Il nuovo leader dei 5 Stelle mantenne la dicitura "Movimento" ma di fatto lo trasformò in un partito. Accennò nei primi mesi a una sia pure molto debole simpatia per il Pd che ormai non rappresentava più niente e poteva essere un piccolo alleato grillino, ma poi capì che con quel residuo di partito c’era poco o nulla da fare e si rigirò verso la Lega che era già indicata nei sondaggi al 30 per cento; con gli alleati Berlusconi e Meloni, il capo della Lega Matteo Salvini raggiungeva il 40% ed oltre; l’alleanza con Di Maio che nel frattempo aveva superato il 28%, creò un blocco del 68% con tendenza ad ulteriore crescita.

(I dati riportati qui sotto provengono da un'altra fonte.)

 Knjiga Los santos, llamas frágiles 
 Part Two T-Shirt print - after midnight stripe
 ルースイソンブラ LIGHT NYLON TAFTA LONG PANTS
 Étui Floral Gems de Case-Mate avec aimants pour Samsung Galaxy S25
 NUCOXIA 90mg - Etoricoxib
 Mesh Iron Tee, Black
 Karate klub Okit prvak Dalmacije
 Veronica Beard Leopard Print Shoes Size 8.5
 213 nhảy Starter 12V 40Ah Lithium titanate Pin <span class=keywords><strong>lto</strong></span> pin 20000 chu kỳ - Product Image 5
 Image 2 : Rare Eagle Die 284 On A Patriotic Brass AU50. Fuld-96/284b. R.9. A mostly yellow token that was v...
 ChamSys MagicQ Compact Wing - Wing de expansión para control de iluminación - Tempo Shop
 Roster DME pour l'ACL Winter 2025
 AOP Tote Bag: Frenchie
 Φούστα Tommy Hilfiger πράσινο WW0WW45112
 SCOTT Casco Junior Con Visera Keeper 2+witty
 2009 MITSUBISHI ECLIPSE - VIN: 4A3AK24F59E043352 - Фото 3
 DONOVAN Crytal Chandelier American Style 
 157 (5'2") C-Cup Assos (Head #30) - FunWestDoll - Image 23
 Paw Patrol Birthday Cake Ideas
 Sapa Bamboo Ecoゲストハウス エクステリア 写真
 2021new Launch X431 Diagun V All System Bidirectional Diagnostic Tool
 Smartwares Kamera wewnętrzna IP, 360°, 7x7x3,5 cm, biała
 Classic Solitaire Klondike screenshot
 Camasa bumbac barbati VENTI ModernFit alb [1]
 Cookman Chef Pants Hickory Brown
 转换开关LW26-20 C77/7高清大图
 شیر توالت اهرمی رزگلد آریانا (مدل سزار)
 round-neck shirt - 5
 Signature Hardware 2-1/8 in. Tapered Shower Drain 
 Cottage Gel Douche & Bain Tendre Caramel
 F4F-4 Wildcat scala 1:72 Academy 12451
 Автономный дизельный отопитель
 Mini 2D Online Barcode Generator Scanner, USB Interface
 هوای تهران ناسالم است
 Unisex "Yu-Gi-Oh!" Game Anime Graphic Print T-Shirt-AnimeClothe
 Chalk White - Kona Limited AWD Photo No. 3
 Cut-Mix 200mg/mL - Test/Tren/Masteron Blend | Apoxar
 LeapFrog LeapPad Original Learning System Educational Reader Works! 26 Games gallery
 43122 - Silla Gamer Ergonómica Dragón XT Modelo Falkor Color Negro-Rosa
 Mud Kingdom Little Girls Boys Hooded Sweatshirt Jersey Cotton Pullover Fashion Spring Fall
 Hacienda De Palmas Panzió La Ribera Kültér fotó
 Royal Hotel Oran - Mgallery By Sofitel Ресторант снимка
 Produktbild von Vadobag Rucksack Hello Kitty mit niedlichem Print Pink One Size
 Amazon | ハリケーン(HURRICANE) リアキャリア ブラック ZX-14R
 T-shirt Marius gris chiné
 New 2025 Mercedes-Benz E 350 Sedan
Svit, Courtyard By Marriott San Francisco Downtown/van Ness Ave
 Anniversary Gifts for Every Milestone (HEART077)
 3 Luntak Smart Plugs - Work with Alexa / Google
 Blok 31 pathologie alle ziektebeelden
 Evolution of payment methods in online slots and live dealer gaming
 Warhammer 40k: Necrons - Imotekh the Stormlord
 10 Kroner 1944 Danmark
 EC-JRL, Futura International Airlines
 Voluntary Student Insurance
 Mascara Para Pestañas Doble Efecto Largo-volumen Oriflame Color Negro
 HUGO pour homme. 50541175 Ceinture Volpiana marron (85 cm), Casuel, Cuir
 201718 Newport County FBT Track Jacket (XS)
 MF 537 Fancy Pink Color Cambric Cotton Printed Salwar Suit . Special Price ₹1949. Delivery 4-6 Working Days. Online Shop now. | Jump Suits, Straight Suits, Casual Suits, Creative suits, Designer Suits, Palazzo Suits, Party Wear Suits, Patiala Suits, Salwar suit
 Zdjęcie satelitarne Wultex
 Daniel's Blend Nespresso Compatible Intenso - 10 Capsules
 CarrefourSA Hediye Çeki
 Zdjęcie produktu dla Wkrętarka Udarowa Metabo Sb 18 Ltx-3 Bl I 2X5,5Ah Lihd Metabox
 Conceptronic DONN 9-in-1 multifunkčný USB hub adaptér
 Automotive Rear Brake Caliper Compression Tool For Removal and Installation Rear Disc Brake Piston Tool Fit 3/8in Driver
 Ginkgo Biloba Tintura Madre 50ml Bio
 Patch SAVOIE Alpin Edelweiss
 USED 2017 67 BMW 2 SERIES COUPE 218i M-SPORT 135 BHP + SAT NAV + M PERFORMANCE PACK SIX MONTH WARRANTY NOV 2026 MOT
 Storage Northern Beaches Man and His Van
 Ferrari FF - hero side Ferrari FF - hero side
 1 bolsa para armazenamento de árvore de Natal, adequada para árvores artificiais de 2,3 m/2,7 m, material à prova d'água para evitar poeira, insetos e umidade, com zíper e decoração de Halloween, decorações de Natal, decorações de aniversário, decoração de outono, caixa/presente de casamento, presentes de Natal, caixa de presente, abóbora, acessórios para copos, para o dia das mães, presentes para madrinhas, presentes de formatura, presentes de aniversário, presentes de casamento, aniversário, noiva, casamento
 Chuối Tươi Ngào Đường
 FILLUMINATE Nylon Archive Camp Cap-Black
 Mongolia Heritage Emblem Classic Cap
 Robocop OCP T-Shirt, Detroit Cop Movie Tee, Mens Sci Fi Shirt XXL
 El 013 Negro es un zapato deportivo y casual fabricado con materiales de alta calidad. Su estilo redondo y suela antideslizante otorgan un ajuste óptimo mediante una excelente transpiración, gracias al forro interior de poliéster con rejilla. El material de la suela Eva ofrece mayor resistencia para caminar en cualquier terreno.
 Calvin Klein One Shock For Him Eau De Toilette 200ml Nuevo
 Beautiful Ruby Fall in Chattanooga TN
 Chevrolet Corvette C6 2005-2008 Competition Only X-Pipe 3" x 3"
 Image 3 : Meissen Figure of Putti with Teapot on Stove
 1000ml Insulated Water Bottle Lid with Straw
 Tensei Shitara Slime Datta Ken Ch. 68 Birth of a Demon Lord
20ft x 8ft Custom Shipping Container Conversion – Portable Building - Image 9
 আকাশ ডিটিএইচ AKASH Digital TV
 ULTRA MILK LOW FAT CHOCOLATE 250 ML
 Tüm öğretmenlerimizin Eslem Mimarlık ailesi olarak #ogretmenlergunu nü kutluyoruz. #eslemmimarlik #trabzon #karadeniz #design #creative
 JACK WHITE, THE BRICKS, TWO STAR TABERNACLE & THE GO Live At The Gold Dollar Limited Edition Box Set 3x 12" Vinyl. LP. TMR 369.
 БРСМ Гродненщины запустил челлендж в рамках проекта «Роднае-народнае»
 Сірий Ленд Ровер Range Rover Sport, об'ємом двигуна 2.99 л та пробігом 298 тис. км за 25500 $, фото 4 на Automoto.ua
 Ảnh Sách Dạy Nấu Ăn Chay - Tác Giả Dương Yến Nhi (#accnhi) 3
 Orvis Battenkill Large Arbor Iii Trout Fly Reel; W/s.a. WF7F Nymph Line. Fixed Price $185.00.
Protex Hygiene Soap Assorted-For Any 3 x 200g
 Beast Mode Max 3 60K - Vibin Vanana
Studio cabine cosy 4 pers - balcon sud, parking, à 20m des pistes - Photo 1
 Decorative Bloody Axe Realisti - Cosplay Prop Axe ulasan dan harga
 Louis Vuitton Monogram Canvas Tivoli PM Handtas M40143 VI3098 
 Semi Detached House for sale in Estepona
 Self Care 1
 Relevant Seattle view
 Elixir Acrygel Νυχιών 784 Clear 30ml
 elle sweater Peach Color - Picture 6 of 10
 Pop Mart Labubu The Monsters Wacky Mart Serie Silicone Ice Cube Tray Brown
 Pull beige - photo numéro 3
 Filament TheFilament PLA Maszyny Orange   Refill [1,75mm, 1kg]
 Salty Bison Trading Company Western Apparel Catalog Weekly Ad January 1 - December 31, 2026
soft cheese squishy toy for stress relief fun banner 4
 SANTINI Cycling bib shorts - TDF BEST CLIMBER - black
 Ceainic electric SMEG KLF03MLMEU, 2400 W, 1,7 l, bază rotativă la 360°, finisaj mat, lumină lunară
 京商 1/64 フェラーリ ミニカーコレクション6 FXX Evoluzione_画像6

Di questa situazione, come pure di quella in Europa assunta da Salvini, abbiamo già parlato infinite volte su questo giornale e perciò la do per ben presente a tutti i nostri lettori. Ci sono però alcuni aspetti europei, con notevole riflesso sulla situazione italiana, che vanno rivisti con attenzione giacché l’Europa in questo momento è ridotta come l’Italia in uno stato di grandissima confusione che ha i suoi centri in una Germania e in una Merkel politicamente sconvolte dalle crisi dei loro partiti, da Macron in grave perdita di popolarità, in un rapporto con l’America di Trump che oscilla di giorno in giorno tra alleanza e inimicizia, tra simpatia e antipatia, tra coordinamento politico e completa difformità.
In Italia però qualcosa sta cambiando e noi l’abbiamo già avvertita da alcune settimane proponendone anche i seguiti. Il Partito democratico ha imboccato la strada della propria ricostruzione, ha indetto il congresso per il mese di marzo e sono emersi di già i due principali candidati alla segreteria: Minniti e Zingaretti. Li ha seguiti anche l’attuale segretario (provvisorio) Martina.
Nel frattempo sta sorgendo un Movimento di Circoli che si formano in tutte le regioni e i Comuni italiani e hanno già raccolto molte decine di migliaia di aderenti. Si chiamano Circoli Civici che si conoscono tra loro e, da un’esistenza municipale che viene comunque conservata, estendono la loro amicizia a tutti gli altri Circoli Civici. Esistono già dovunque, dalla Sicilia al Piemonte, dalla Lombardia al Veneto, dalle Marche a Napoli, da Palermo alla Basilicata. Ormai è una rete nazionale la quale ha idee e valori molto simili a quelli del Pd nel quale loro però non sono disposti ad entrare. Un’alleanza col partito sì, sempre che il partito sarà ricostruito in modo congruo; ma il Movimento resterà movimento e probabilmente sta anche recuperando una buona parte degli elettori che nelle precedenti elezioni si sono volutamente astenuti per sfiducia nei confronti del Pd, ma con idee e valori che sono sempre quelli della liberal- democrazia. Ingrosseranno dunque il Movimento civico e i Circoli che lo compongono.
Se questi fenomeni avverranno, la situazione politica italiana sarà profondamente trasformata poiché, sommando un certo aumento del Pd e un Movimento di massa come potrebbe essere quello dei Circoli, si potrebbe arrivare e anche superare il 40% dei consensi. Naturalmente con riflessi europei di notevole importanza e una politica economica che punti sulla crescita del lavoro e sulla diminuzione delle diseguaglianze economiche.
Voglio ricordare a questo punto una proposta che ho fatto domenica scorsa e che continuo a ritenere molto interessante per il Pd: la nomina di un presidente del partito, i cui poteri, sulla base dello statuto, si limitino a quelli e cioè alla vigilanza, alla tutela dei valori ideali del partito e a quella che si chiama per il presidente della Repubblica la moral suasion.
Questo presidente del partito avrebbe sul Pd gli stessi poteri che il presidente della Repubblica ha sullo Stato, non di meno e non di più. Ho fatto i nomi di Veltroni e di Gentiloni che mi sembrano i più adatti a un compito di questo genere. Sarebbe una riforma fondamentale e soprattutto rilancerebbe il partito da ogni punto di vista, compreso quello della novità.